### Input records
----

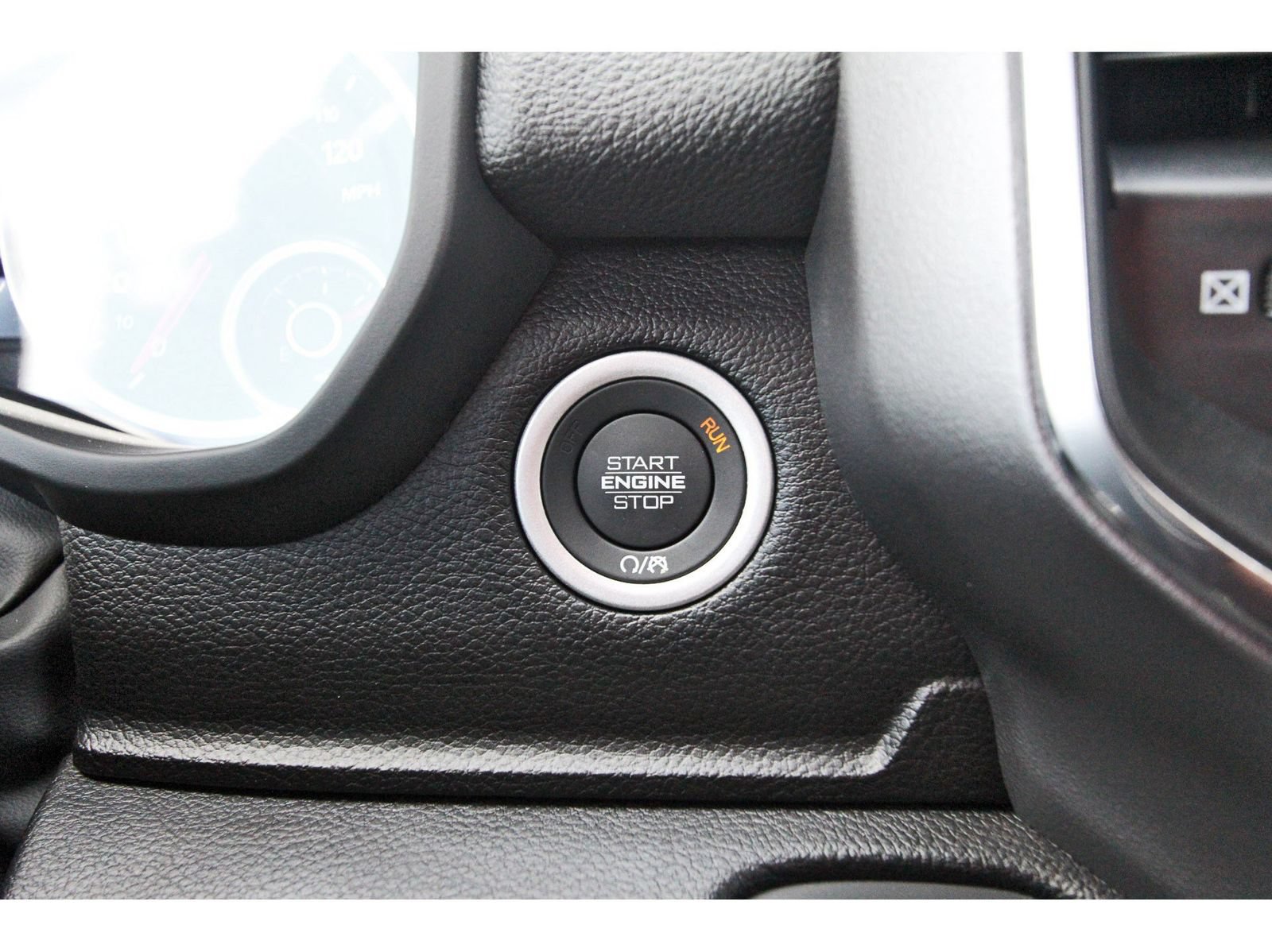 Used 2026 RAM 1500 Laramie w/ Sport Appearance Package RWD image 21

----

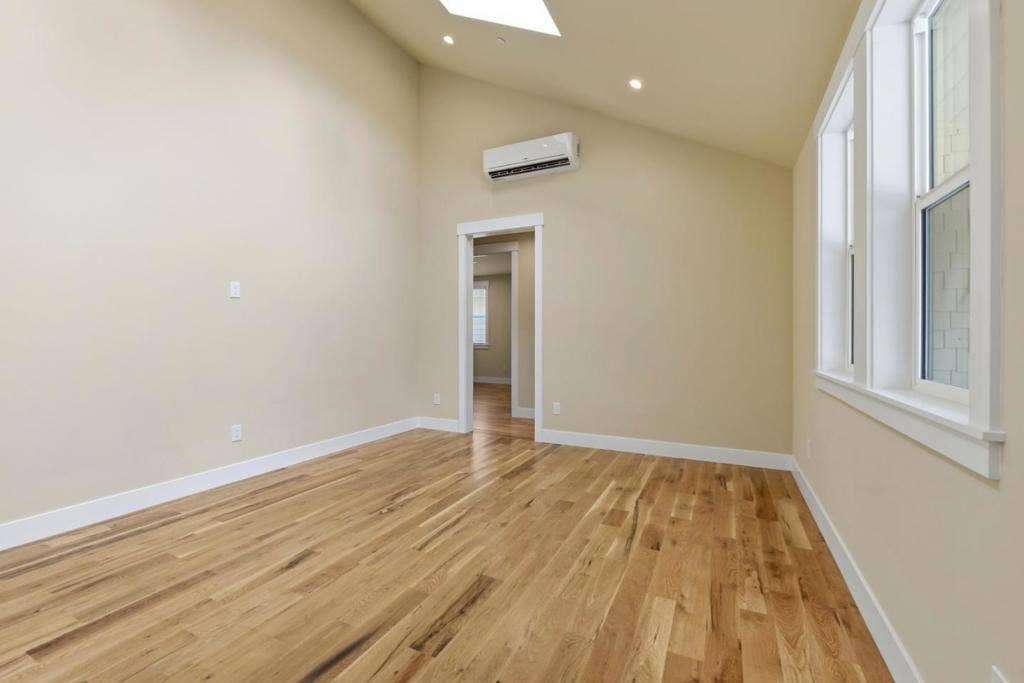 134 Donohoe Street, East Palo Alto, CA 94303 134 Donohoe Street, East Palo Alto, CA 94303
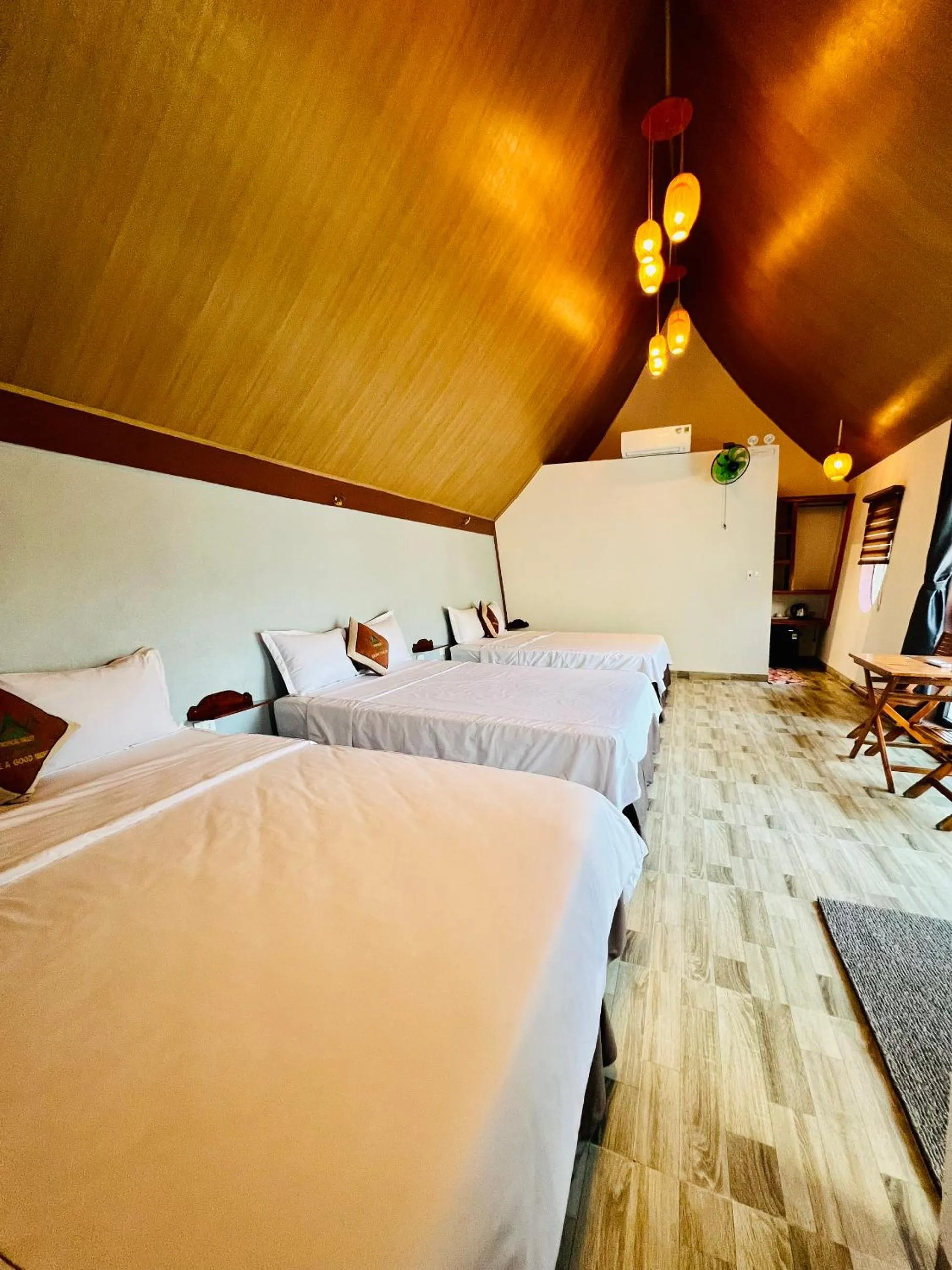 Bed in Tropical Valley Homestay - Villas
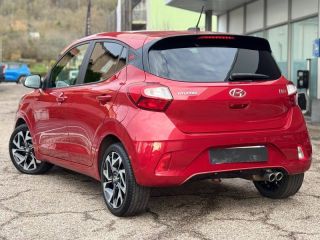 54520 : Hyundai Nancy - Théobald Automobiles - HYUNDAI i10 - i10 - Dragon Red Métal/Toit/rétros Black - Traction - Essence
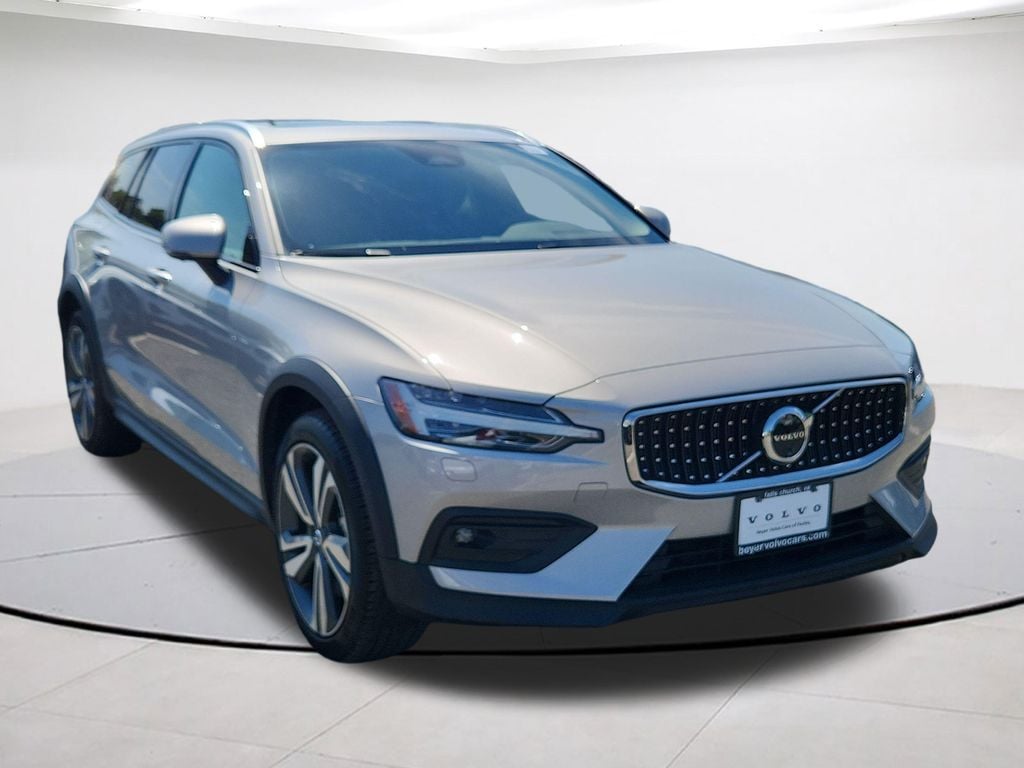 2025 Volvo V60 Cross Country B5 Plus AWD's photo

----

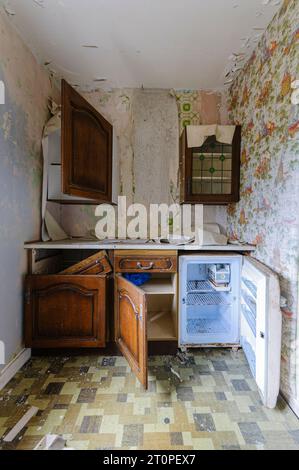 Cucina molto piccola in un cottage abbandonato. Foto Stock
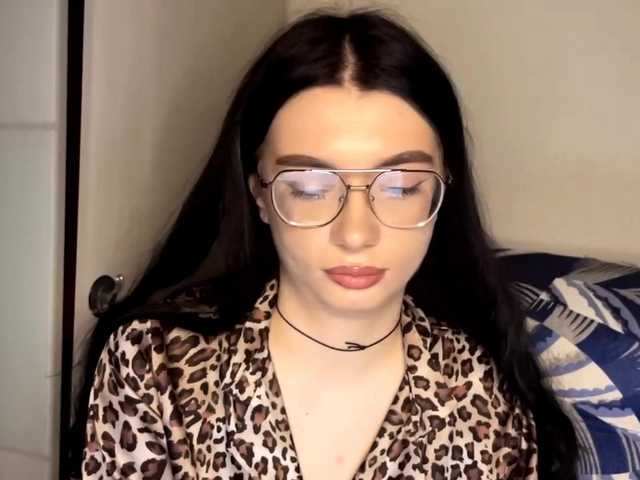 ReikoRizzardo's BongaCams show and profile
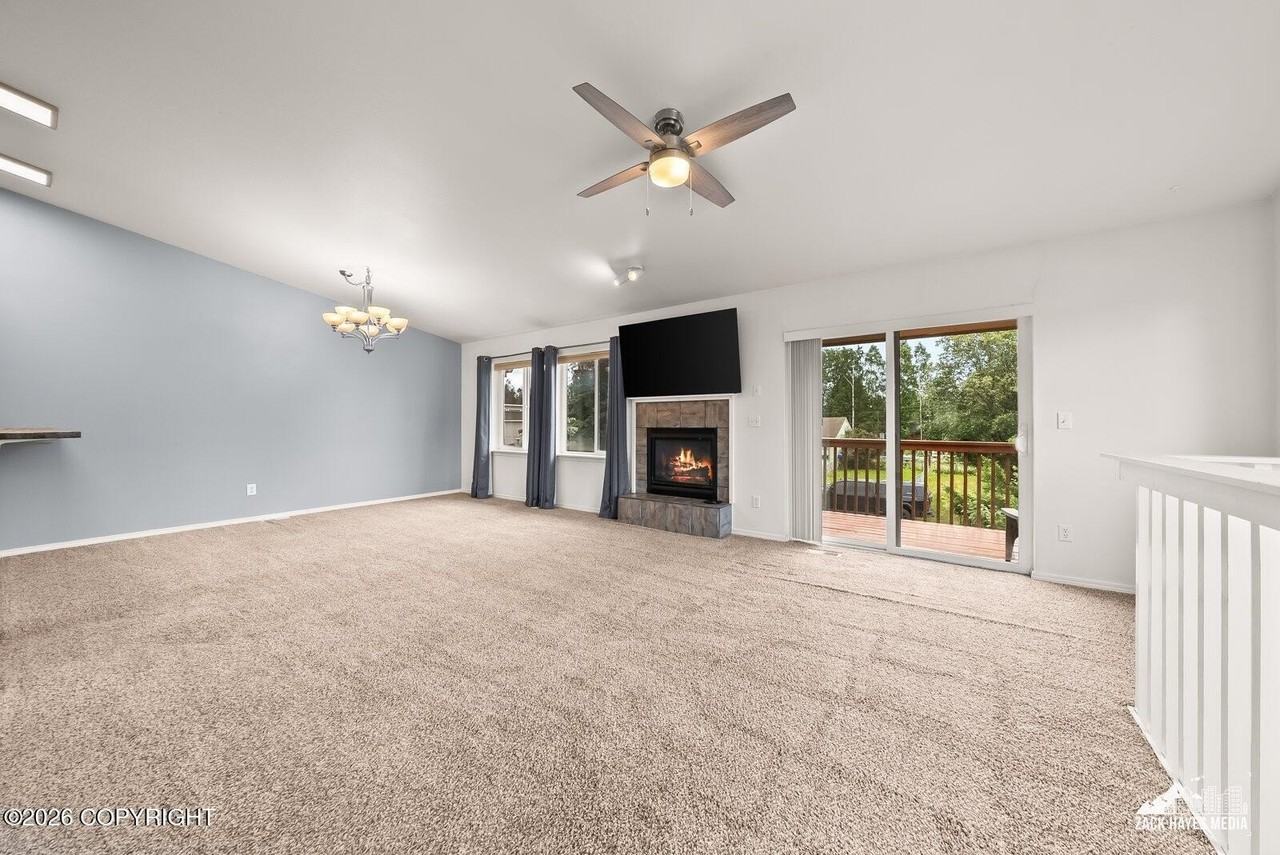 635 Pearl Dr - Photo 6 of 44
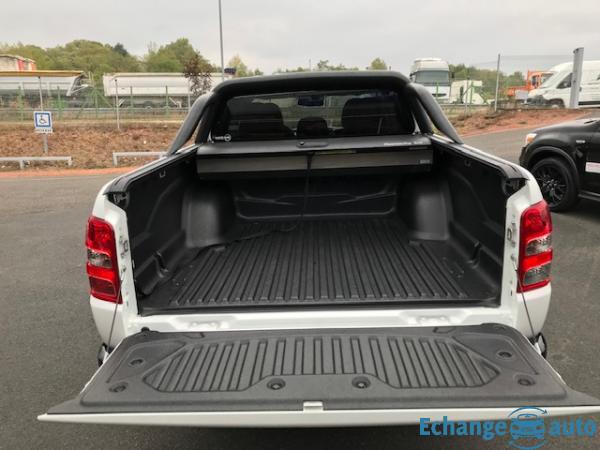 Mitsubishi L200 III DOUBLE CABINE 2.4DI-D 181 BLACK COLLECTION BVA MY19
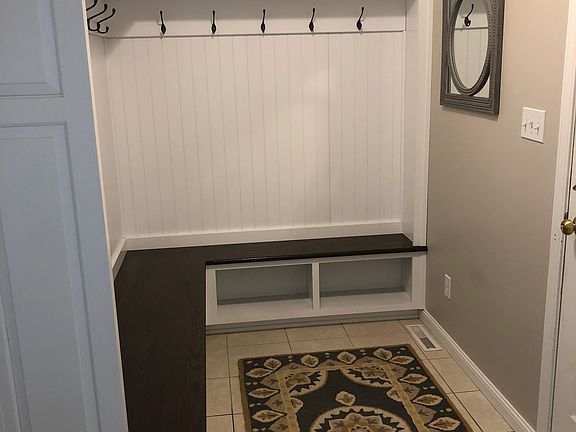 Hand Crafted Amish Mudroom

----

### Task requirements
Without the pictures, set down the lines above from the line with "Cucina molto piccola" up to and including the line with "Hand Crafted Amish Mudroom" exactly as they stand.

### Your response
 Cucina molto piccola in un cottage abbandonato. Foto Stock
 ReikoRizzardo's BongaCams show and profile
 635 Pearl Dr - Photo 6 of 44
 Mitsubishi L200 III DOUBLE CABINE 2.4DI-D 181 BLACK COLLECTION BVA MY19
 Hand Crafted Amish Mudroom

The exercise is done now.